**Input data**
□ □ □
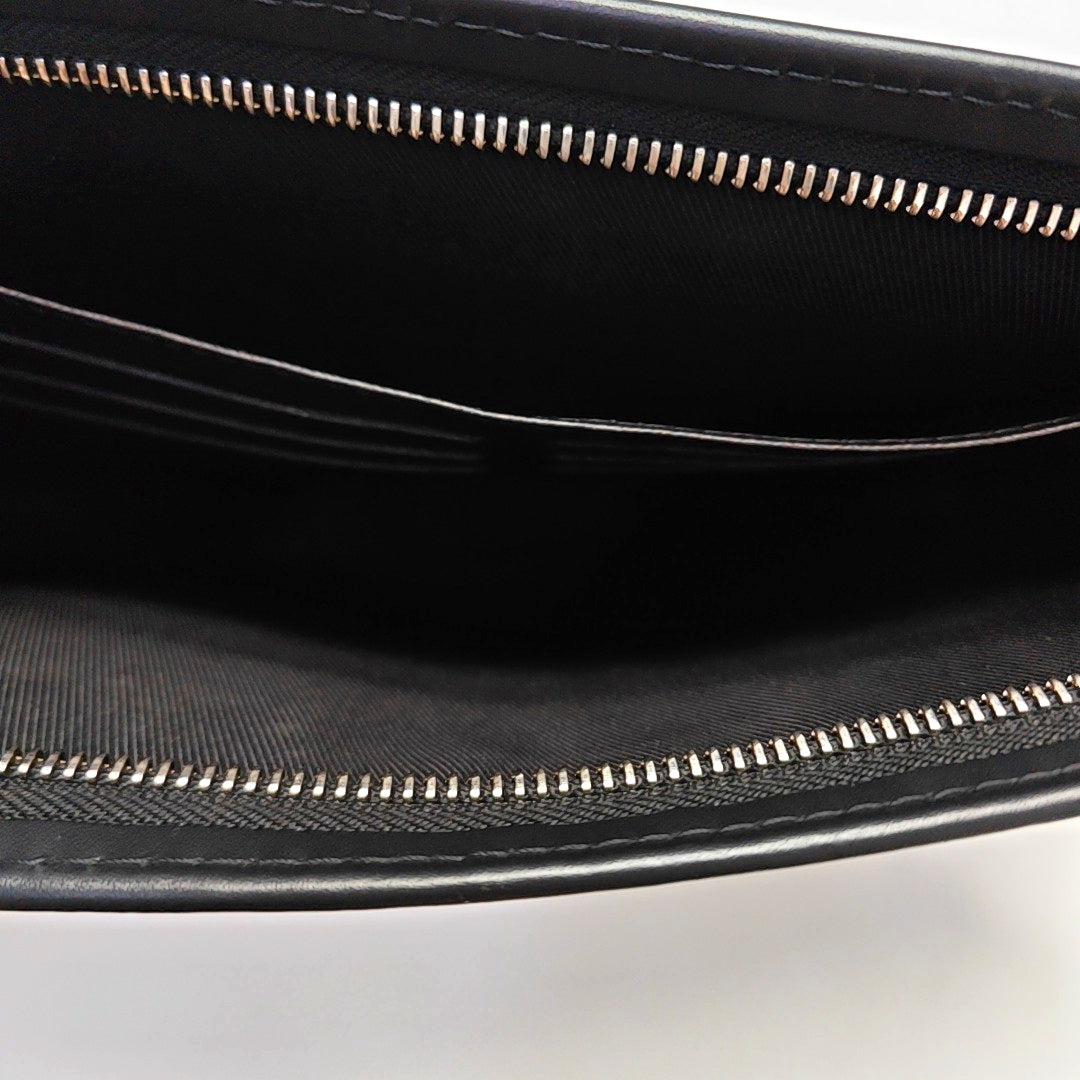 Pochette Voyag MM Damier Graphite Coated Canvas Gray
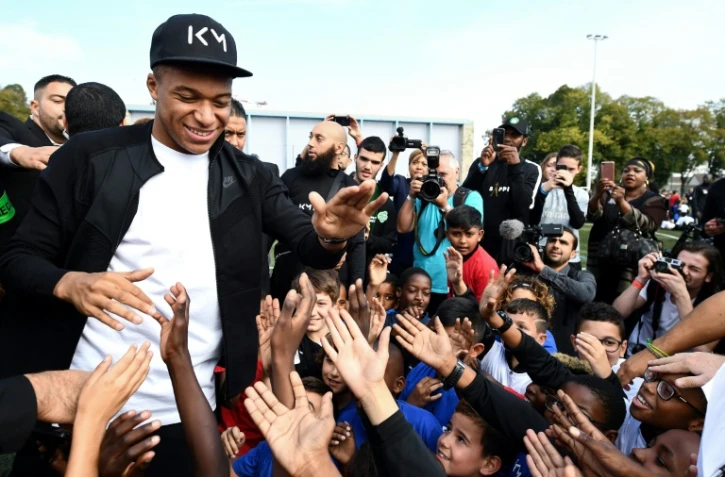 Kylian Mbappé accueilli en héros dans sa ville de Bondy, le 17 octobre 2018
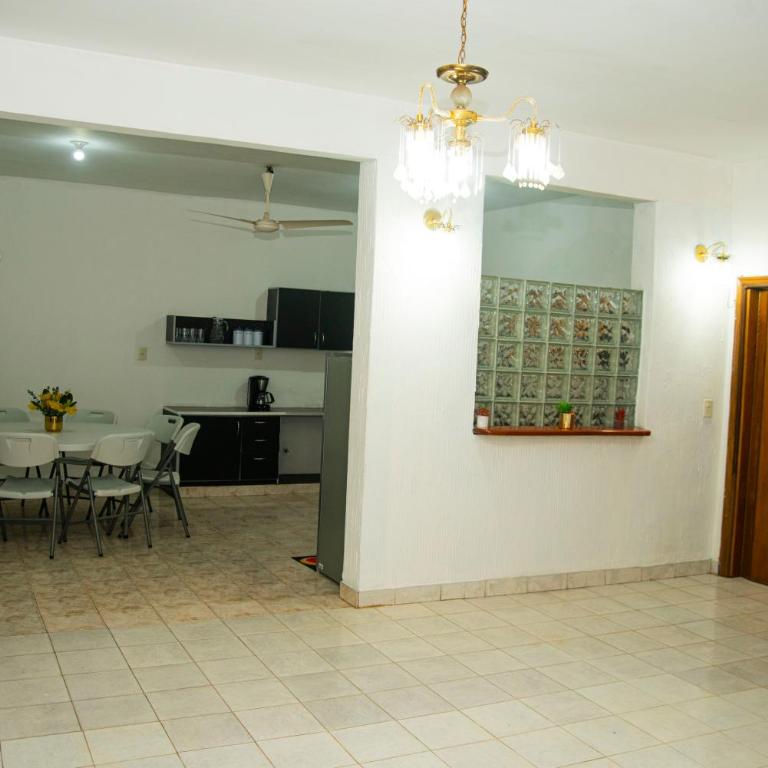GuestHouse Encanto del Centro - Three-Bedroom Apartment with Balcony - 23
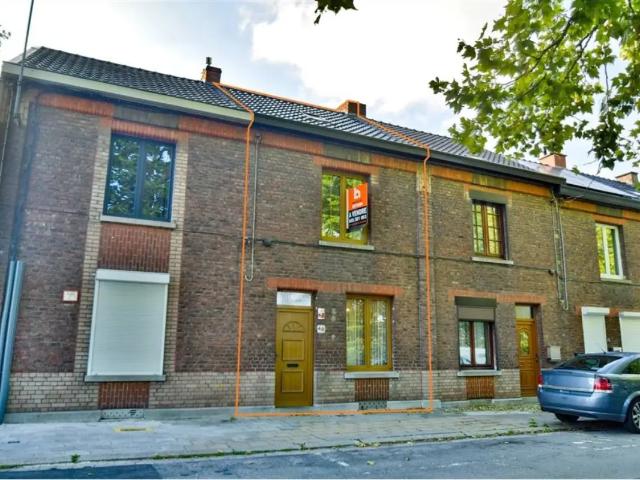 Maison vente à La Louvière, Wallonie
□ □ □
**Task goal**
Print the whole listing exactly, please, and keep any images out of it.

**Answer to this task**
 Pochette Voyag MM Damier Graphite Coated Canvas Gray
 Kylian Mbappé accueilli en héros dans sa ville de Bondy, le 17 octobre 2018
GuestHouse Encanto del Centro - Three-Bedroom Apartment with Balcony - 23
 Maison vente à La Louvière, Wallonie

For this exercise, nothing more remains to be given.